The following year, aspiring politician Abraham Lincoln answered Hammond with the vision that would become the intellectual underpinning of the newly formed Republican Party. Lincoln rejected the idea that society moved forward thanks to the efforts of a few rich men. He denied that most people belonged to a lower, menial class into which they were, as he said, “fatally fixed” for life.

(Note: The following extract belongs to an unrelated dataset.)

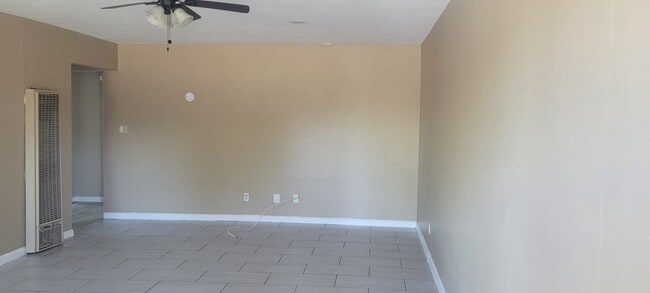 Building Photo - 1852 Robin Ln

Instead, Lincoln argued that, if properly organized, society progressed thanks to the hard work and innovation of ordinary men. While rich men had no incentive to think up new ideas, he said, ordinary Americans worked and innovated so they could provide for themselves. As they did, they made more money than they and their families needed, so they would use the surplus to buy goods that would support merchants, shoemakers, and so on. In turn, those people would work hard and accumulate capital, which in turn would support a few financiers and industrialists, who would use their own accumulated capital to hire men just starting out, and the cycle would begin again. The heart of the system was not wealthy men, but hardworking ordinary ones.
Central to this system was government’s guarantee that all men were equal before the law and that all men had equal access to resources. This meant that the government must not protect the very wealthy. It would require a government that did more than protect property; it must keep the economic playing field between wealthy men and ordinary men level.
These two versions of America appear, once again, to be on the table.